Water mindfulness

The hot water heater is in the garage, and the closest faucet is in kitchen, yet it takes 5+ minutes for the water in the sink to get hot enough to wash dishes. It’s faster to get hot water into the master bathroom shower, all the way across the house – the opposite corner from the garage!

The time it takes to get hot water to the sink in the master bathroom is almost as long as to the kitchen. None of this makes any sense to me. Why does it take so long for the water at the closest location to the water heater to be hot? Why does the shower get hot water before the bathroom sink? Plumbing should be pretty straight forward, right? Straight pipes whenever possible, so straight forward. I don’t get it. Hot water in the shower, but not in the sinks.

As I was waiting for hot water to arrive to my sink last night so I could wash off mascara and makeup and the day, I held the fingers of my left hand under the running water. I stood there with my fingers and my thumb, but not my entire hand, seeing and feeling the water pour over them. I thought what a great time to practice mindfulness – simply notice what I feel and describe it.
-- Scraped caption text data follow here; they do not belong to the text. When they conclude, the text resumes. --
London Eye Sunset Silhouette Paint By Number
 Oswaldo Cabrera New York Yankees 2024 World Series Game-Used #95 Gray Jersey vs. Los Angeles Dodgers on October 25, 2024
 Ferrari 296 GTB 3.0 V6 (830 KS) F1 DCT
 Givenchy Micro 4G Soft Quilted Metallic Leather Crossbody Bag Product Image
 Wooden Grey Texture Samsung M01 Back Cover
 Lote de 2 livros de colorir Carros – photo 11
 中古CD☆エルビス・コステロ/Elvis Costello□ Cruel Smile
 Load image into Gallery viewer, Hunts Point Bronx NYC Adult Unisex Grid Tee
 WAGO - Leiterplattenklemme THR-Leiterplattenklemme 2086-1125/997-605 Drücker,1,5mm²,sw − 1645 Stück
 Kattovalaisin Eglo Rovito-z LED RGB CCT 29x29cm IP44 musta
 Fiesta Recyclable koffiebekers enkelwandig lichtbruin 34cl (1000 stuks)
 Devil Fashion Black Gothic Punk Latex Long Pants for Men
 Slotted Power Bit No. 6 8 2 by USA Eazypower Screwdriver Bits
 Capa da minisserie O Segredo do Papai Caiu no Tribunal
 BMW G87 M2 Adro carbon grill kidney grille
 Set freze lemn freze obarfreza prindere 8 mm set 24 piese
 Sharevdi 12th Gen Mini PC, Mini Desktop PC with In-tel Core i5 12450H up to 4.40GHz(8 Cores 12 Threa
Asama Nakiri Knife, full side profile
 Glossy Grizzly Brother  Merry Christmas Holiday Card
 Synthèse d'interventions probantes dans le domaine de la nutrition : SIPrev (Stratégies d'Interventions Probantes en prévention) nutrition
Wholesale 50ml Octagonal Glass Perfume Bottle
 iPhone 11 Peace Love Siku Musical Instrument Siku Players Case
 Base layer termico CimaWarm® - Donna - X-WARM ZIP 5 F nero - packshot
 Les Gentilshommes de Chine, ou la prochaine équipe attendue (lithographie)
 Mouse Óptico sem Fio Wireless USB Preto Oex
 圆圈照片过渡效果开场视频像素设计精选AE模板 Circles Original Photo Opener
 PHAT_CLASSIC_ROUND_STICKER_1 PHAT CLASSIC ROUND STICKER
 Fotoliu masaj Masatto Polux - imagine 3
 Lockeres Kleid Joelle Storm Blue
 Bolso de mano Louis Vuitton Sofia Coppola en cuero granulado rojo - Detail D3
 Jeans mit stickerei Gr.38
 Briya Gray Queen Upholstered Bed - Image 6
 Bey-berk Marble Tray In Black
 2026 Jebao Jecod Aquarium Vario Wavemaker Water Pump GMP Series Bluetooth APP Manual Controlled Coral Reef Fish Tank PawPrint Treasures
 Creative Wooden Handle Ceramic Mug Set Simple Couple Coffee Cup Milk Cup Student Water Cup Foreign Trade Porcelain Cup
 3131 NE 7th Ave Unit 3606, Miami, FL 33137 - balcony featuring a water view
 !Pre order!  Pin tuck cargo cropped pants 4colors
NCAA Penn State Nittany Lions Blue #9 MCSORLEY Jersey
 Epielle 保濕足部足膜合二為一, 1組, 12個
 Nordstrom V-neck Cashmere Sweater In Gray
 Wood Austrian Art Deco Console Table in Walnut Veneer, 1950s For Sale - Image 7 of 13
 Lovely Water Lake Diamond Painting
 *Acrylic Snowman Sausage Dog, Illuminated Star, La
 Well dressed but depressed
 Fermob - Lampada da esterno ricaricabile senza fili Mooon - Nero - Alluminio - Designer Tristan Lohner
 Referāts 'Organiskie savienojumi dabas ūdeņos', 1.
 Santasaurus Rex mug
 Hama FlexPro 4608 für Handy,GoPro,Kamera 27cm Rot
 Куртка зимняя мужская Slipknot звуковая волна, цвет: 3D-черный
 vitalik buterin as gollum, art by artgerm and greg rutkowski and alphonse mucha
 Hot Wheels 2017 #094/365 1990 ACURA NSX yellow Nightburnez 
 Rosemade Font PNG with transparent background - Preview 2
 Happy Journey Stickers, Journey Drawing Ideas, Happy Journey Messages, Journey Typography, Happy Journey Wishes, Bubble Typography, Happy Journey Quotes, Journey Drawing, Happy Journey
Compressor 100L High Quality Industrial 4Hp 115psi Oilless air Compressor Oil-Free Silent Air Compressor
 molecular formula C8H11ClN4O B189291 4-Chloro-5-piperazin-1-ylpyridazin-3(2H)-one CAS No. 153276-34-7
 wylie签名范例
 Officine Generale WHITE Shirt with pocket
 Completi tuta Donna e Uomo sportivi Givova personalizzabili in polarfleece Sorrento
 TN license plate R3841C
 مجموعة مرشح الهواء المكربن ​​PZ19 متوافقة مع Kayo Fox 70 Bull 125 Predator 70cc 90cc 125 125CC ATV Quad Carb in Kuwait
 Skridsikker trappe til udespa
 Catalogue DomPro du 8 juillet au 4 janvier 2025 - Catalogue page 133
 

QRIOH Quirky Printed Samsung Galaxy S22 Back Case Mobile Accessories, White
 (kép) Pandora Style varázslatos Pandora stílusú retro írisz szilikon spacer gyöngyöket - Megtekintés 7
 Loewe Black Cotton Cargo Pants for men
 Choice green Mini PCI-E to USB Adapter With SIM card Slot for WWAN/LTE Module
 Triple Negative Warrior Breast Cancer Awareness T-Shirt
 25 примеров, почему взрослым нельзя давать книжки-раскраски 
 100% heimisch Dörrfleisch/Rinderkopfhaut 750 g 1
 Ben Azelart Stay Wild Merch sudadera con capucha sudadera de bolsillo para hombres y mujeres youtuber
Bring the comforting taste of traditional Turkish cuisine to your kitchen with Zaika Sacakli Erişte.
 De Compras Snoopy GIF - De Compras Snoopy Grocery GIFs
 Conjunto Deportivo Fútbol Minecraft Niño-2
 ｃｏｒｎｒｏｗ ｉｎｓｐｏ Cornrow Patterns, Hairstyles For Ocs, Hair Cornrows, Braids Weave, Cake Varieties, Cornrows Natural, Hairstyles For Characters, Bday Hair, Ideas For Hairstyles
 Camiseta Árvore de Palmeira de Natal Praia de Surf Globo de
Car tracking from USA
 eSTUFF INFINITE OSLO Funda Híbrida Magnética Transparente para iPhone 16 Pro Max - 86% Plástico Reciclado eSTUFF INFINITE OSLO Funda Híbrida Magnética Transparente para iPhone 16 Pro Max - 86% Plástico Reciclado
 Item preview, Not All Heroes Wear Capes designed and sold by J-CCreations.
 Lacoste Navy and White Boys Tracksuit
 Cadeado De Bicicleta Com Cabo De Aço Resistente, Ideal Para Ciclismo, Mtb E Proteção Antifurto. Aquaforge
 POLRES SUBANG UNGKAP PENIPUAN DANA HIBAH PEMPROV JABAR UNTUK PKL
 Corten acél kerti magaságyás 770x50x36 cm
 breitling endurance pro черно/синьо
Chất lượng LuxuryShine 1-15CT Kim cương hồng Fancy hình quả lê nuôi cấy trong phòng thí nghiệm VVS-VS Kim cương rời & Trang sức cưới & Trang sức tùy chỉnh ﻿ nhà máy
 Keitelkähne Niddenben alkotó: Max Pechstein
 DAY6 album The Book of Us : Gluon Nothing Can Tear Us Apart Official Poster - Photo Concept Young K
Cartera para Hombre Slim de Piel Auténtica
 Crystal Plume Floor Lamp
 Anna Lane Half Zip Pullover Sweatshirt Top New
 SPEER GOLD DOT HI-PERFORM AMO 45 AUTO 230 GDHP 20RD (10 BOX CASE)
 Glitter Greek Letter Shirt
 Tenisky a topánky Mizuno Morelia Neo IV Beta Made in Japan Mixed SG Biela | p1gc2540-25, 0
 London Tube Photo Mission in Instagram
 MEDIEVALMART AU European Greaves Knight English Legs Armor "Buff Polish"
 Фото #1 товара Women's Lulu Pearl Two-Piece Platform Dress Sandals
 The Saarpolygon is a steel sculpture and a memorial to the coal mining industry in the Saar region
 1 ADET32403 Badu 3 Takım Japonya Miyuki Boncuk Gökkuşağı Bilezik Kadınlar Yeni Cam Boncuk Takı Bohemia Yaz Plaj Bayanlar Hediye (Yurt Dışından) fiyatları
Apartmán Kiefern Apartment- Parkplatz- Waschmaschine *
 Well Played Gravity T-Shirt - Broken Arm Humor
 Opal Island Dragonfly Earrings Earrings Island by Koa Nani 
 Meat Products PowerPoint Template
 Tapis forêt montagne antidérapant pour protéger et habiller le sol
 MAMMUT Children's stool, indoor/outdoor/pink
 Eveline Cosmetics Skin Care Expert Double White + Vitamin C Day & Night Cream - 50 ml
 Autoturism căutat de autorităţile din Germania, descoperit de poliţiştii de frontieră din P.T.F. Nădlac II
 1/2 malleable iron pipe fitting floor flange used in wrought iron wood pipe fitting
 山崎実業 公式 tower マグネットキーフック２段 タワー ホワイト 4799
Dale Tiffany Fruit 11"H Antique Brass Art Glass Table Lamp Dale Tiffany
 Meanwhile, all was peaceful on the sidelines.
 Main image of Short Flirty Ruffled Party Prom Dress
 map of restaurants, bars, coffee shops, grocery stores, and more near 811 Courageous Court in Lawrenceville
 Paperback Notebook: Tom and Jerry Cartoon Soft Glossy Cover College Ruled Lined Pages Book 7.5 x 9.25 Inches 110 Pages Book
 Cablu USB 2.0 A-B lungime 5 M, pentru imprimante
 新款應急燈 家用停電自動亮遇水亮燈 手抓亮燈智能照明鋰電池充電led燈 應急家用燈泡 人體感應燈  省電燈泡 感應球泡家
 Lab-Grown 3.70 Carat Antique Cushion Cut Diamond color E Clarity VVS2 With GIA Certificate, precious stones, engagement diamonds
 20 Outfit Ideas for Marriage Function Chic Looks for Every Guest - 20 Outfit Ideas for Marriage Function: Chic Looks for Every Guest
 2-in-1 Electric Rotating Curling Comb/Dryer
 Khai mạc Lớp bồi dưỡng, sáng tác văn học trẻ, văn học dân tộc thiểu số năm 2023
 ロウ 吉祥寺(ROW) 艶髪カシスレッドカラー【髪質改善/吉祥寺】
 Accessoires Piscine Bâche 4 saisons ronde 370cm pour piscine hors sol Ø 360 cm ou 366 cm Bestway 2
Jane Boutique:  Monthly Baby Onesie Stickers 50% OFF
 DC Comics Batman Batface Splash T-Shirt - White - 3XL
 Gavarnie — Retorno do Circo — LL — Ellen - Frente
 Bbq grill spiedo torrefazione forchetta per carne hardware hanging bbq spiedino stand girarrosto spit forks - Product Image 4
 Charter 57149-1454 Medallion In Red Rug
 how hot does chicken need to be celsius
But how do I describe water? Just try.

It’s a smooth, silky, soft, slippery slender stream coming from the faucet to my hand. It’s warm (not yet hot). It cascades over one finger at a time. Before it falls off the last finger, it converges on my pinkie and becomes a narrow single stream again, looking as it does from the faucet to my fingers, before it gently splays into the basin and becomes a shiny surface. It gathers at the drain and disappears.

But does that describe it? And then I thought of Helen Keller and Anne Sullivan, and wondered about the miracle of the language breakthrough, as Helen suddenly understood what Anne was trying to communicate. The trepidation, the excitement, the joy that must have broken over them separately but simultaneously. Helen so eager to know words for everything, Anne delighted yet knowing there was so much more to be taught. Now my focus was off the water and running down the story from a childhood book.

Wait. Bring my thoughts back to the water. Ahh, it’s hot enough to wash my face now. Time for bed.